Thread overview
Antipattern in core.memory.GC.addRange?
Sep 23, 2017
safety0ff
September 22, 2017
GC.addRange has this signature:

static nothrow @nogc void addRange(in void* p, size_t sz, const TypeInfo ti = null);

I see a large problem with this. Let's say you malloc an array of struct pointers:

struct Foo { ... }

import core.stdc.stdlib;
auto ptrs = (cast(Foo *)malloc(Foo.sizeof * 10))[0 .. 10];

Now, you want to store GC pointers in that block, you need to add the range to the GC:

GC.addRange(ptrs.ptr, ptrs.length);

See the problem? Why would addRange work this way, when D has such a better mechanism for this? Can we fix it?

-Steve
September 23, 2017
On Friday, 22 September 2017 at 21:29:10 UTC, Steven Schveighoffer wrote:
> GC.addRange has this signature:
>
> static nothrow @nogc void addRange(in void* p, size_t sz, const TypeInfo ti = null);
>
> I see a large problem with this. Let's say you malloc an array of struct pointers:
>
> struct Foo { ... }
>
> import core.stdc.stdlib;
> auto ptrs = (cast(Foo *)malloc(Foo.sizeof * 10))[0 .. 10];
>
> Now, you want to store GC pointers in that block, you need to add the range to the GC:
>
> GC.addRange(ptrs.ptr, ptrs.length);
>
> See the problem?

Yes, you forgot to multiply by Foo.sizeof.

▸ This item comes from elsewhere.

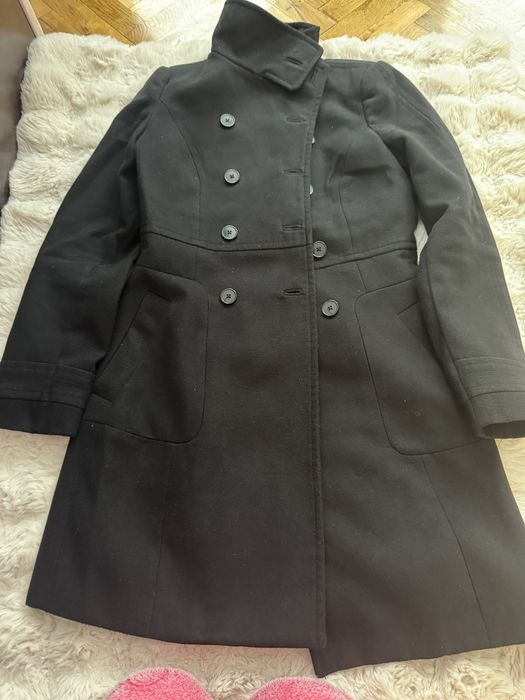 Дамско яке bershka и zara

Using the pattern from the example in the documentation,
the code would be:

size_t bytes = Foo.sizeof * 10;
auto ptrs = (cast(Foo *)malloc(bytes))[0 .. 10];
GC.addRange(ptrs.ptr, bytes);

September 23, 2017
On Friday, 22 September 2017 at 21:29:10 UTC, Steven Schveighoffer wrote:
> GC.addRange has this signature:
>
> static nothrow @nogc void addRange(in void* p, size_t sz, const TypeInfo ti = null);
>
> I see a large problem with this. Let's say you malloc an array of struct pointers:
>
> struct Foo { ... }
>
> import core.stdc.stdlib;
> auto ptrs = (cast(Foo *)malloc(Foo.sizeof * 10))[0 .. 10];
>
> Now, you want to store GC pointers in that block, you need to add the range to the GC:
>
> GC.addRange(ptrs.ptr, ptrs.length);
>
> See the problem? Why would addRange work this way, when D has such a better mechanism for this? Can we fix it?
>
> -Steve

How about adding a template wrapper function, along the lines of:
static void addRange(T)(const T[] arr)
{
    addRange(arr.ptr, T.sizeof * arr.length, typeid(T));
}


To core.memory.GC?
September 23, 2017
On 9/23/17 1:30 AM, safety0ff wrote:
> On Friday, 22 September 2017 at 21:29:10 UTC, Steven Schveighoffer wrote:
>> GC.addRange has this signature:
>>
>> static nothrow @nogc void addRange(in void* p, size_t sz, const TypeInfo ti = null);
>>
>> I see a large problem with this. Let's say you malloc an array of struct pointers:
>>
>> struct Foo { ... }
>>
>> import core.stdc.stdlib;
>> auto ptrs = (cast(Foo *)malloc(Foo.sizeof * 10))[0 .. 10];
>>
>> Now, you want to store GC pointers in that block, you need to add the range to the GC:
>>
>> GC.addRange(ptrs.ptr, ptrs.length);
>>
>> See the problem?
> 
> Yes, you forgot to multiply by Foo.sizeof.
> 
> Using the pattern from the example in the documentation,
> the code would be:
> 
> size_t bytes = Foo.sizeof * 10;
> auto ptrs = (cast(Foo *)malloc(bytes))[0 .. 10];
> GC.addRange(ptrs.ptr, bytes);
> 

Right, the problem is that the API accepts this without error, because of the implicit cast to void *.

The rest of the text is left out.